## Exercise objective
Pictures are to be dropped. Everything else in the listing gets copied exactly.

## Task input
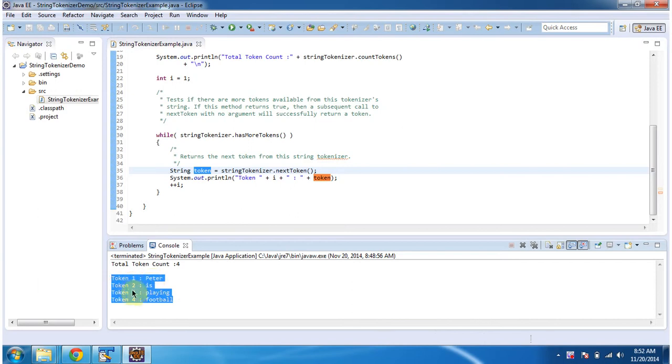Token 1 is Peter, token 2 is 'is', token 3 is playing, token 4 is football.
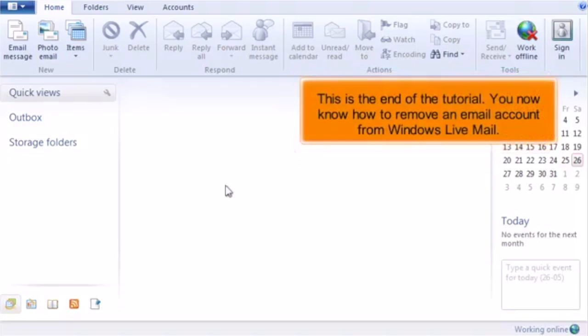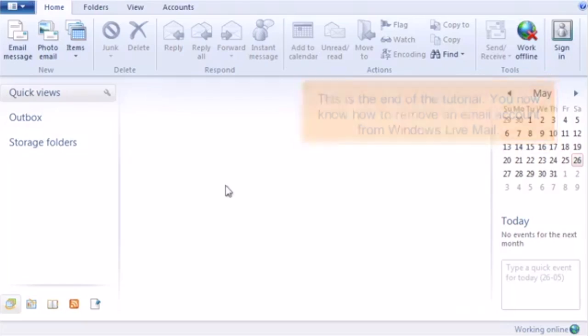This is the end of the tutorial. You now know how to remove an email account from your Windows Live Mail.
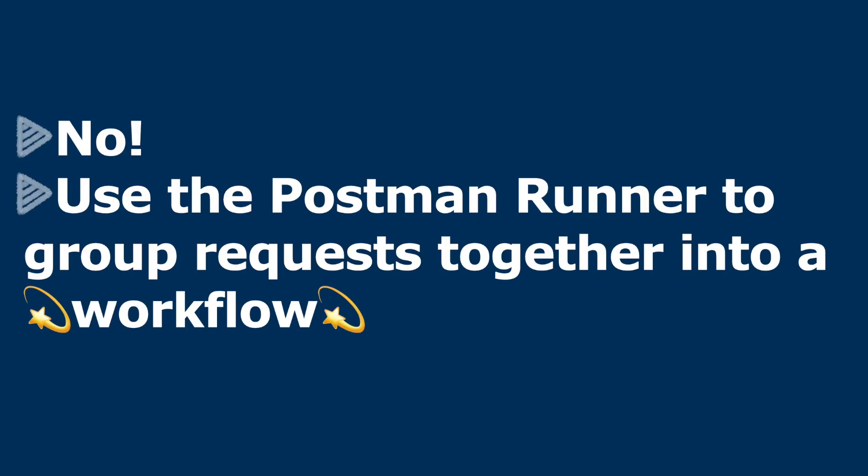The answer is, of course, no we don't have to. What you can do is use the Postman runner to group requests together into a workflow.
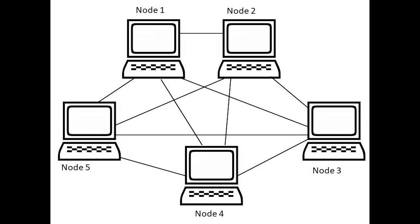Each computer not only sends its own signals, but also relays data from other computers. This topology setup allows for most transmissions to be distributed even if one of the connections goes down. This is a common topology used for wireless networks.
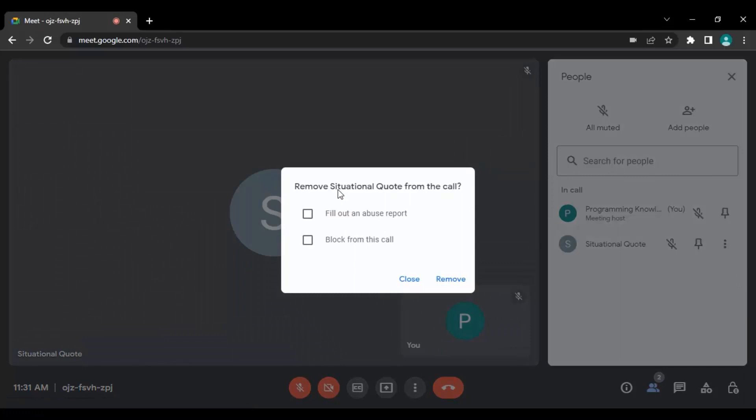So it will ask you for a confirmation. If you want, you can file an abuse report against that user, or if you want, you can block that user from this call.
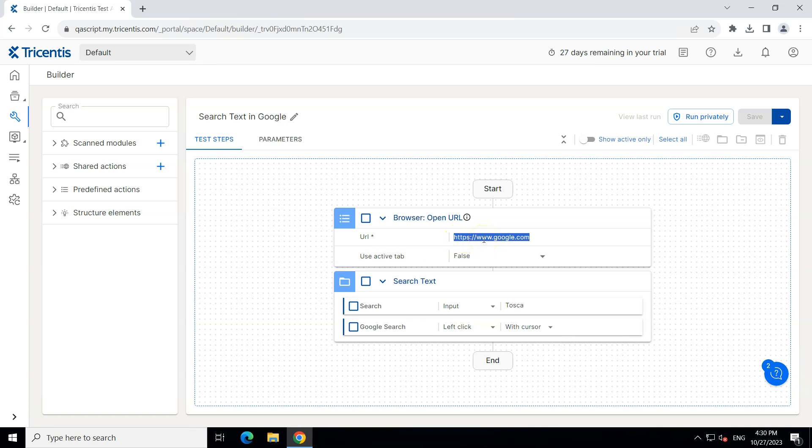Similarly if I want to test with multiple search queries then this value will keep on changing. It will not remain Tosca always. So in this type of scenarios you need to think about parameters.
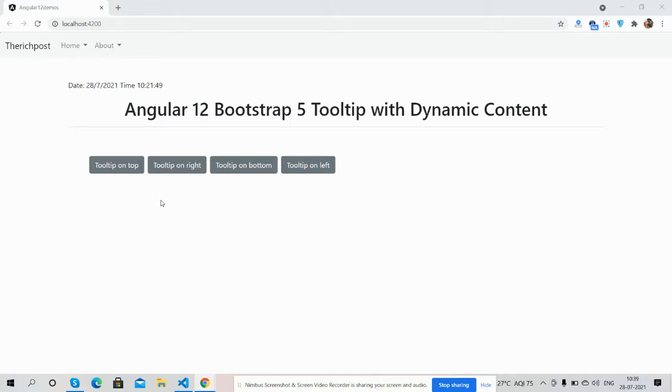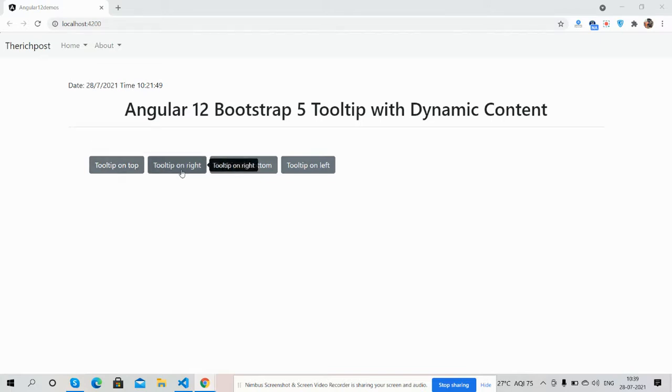Now I am going to hover on the buttons. First on top, see guys, after hovering you can see tooltip on top, right, bottom and left.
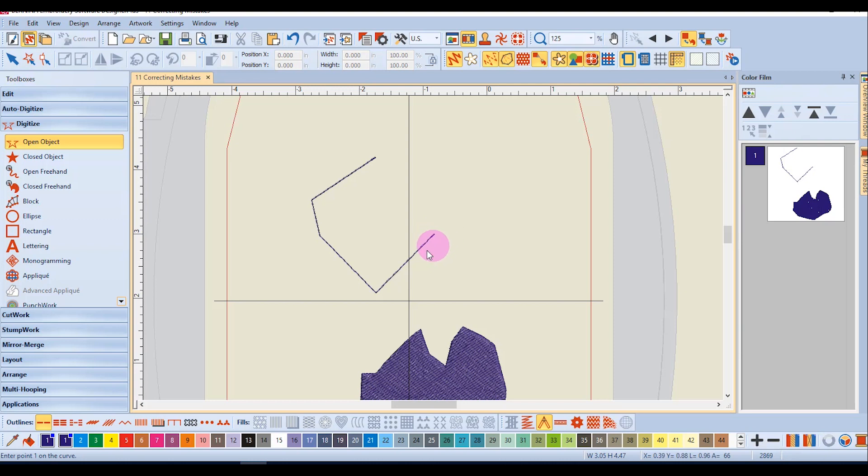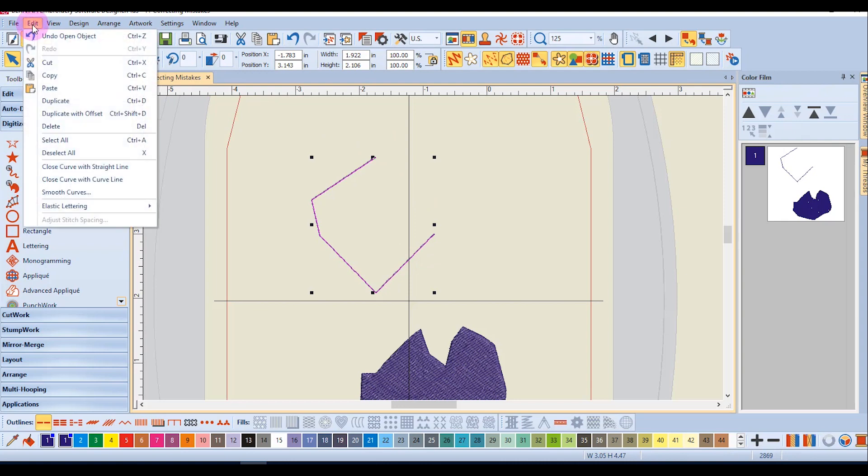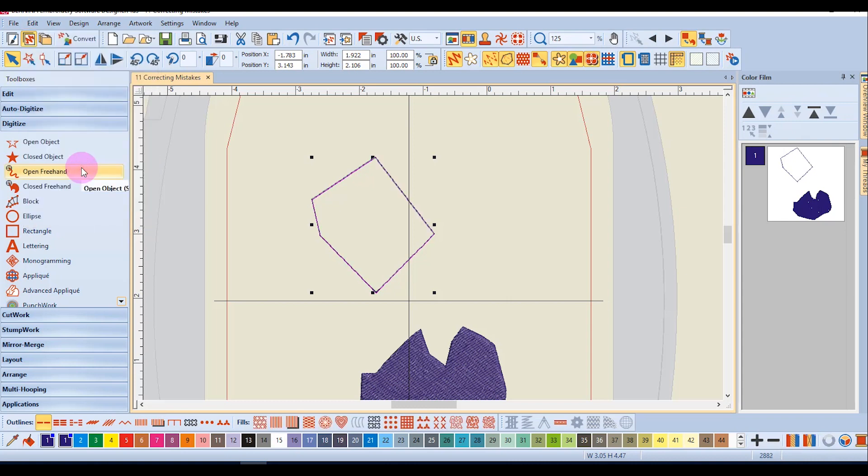After digitizing, you can select the object. I'll first press escape, then select the object, go to the edit menu, and choose to close the curve either with a straight line or a curved line.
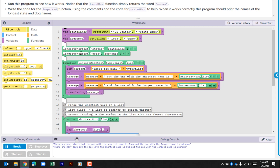Then we see a function call on line four and on line five called longest shortest. We have two different arguments being passed through. Within this function, we have a variable being created called message, and it's equal to the string 'there are many' plus type of list. For this first one, it would be states. The next line of code takes what was just put in that variable and then adds to it.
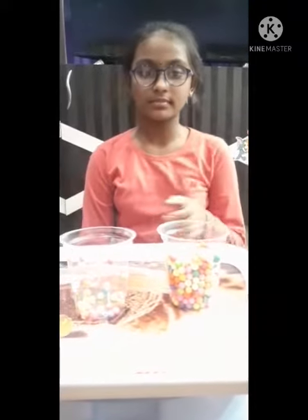Good morning, fathers, teachers and friends. My name is Asita. I am studying fifth grade. Today I am going to tell you about solids, liquids, and gases.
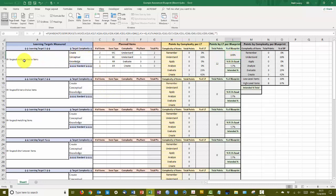Now that I've walked through this process for learning target one, I'll go ahead and quickly fill in the rest of the assessment blueprint, and we'll reconvene for the third video that talks about balancing points.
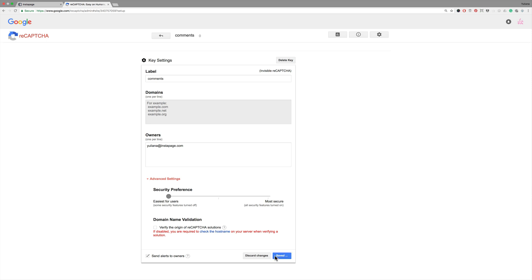This allows you to activate Invisible ReCAPTCHA on all domains without entering the domains one by one. The warning message on Google shouldn't concern you unless you intend to share your site key and secret key publicly.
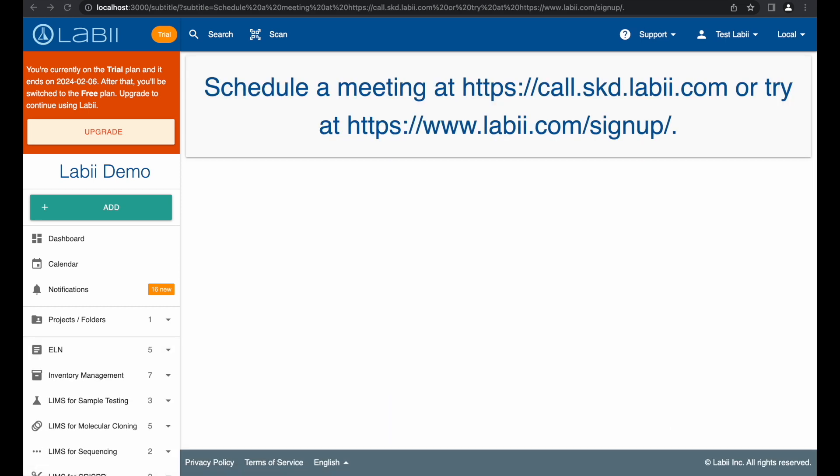That's it for Electronic Lab Notebook and R&D. I have only covered a fraction of the features of Labii ELN. Please refer to our documentation for a complete guide. If you would like to have a live demo with one of our representatives, please feel free to schedule a demo on our website. I hope you find this video helpful. Please subscribe to our channel to get the most recent updates. To learn more, schedule a meeting with Labii representatives at call.skd.labii.com, or create an account at labii.com/signup to try it out yourself.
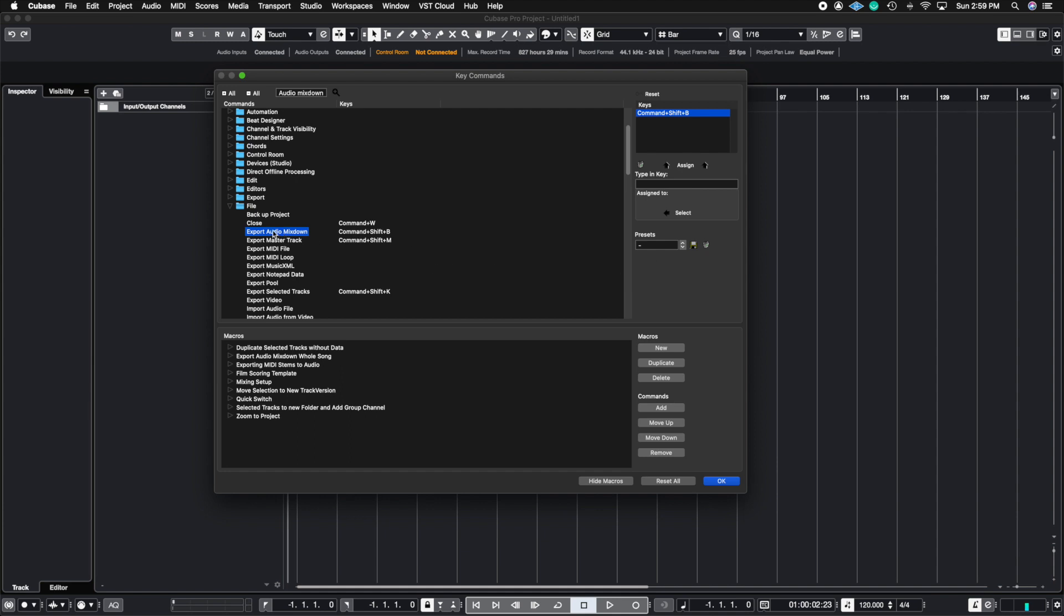I'm going to highlight export audio mix down. I'm going to trash this with this little delete icon here and hit remove. And now I've removed the key command that I had created.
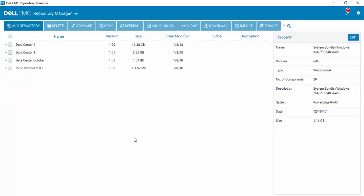Repository Manager has now imported the new BIOS package. You'll see that Data Center 2, which is what we worked on,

## Written answer
Token 1 is Peter, token 2 is 'is', token 3 is playing, token 4 is football.
This is the end of the tutorial. You now know how to remove an email account from your Windows Live Mail.
The answer is, of course, no we don't have to. What you can do is use the Postman runner to group requests together into a workflow.
Each computer not only sends its own signals, but also relays data from other computers. This topology setup allows for most transmissions to be distributed even if one of the connections goes down. This is a common topology used for wireless networks.
So it will ask you for a confirmation. If you want, you can file an abuse report against that user, or if you want, you can block that user from this call.
Similarly if I want to test with multiple search queries then this value will keep on changing. It will not remain Tosca always. So in this type of scenarios you need to think about parameters.
Now I am going to hover on the buttons. First on top, see guys, after hovering you can see tooltip on top, right, bottom and left.
After digitizing, you can select the object. I'll first press escape, then select the object, go to the edit menu, and choose to close the curve either with a straight line or a curved line.
Then we see a function call on line four and on line five called longest shortest. We have two different arguments being passed through. Within this function, we have a variable being created called message, and it's equal to the string 'there are many' plus type of list. For this first one, it would be states. The next line of code takes what was just put in that variable and then adds to it.
Good morning, fathers, teachers and friends. My name is Asita. I am studying fifth grade. Today I am going to tell you about solids, liquids, and gases.
Now that I've walked through this process for learning target one, I'll go ahead and quickly fill in the rest of the assessment blueprint, and we'll reconvene for the third video that talks about balancing points.
This allows you to activate Invisible ReCAPTCHA on all domains without entering the domains one by one. The warning message on Google shouldn't concern you unless you intend to share your site key and secret key publicly.
That's it for Electronic Lab Notebook and R&D. I have only covered a fraction of the features of Labii ELN. Please refer to our documentation for a complete guide. If you would like to have a live demo with one of our representatives, please feel free to schedule a demo on our website. I hope you find this video helpful. Please subscribe to our channel to get the most recent updates. To learn more, schedule a meeting with Labii representatives at call.skd.labii.com, or create an account at labii.com/signup to try it out yourself.
I'm going to highlight export audio mix down. I'm going to trash this with this little delete icon here and hit remove. And now I've removed the key command that I had created.
Repository Manager has now imported the new BIOS package. You'll see that Data Center 2, which is what we worked on,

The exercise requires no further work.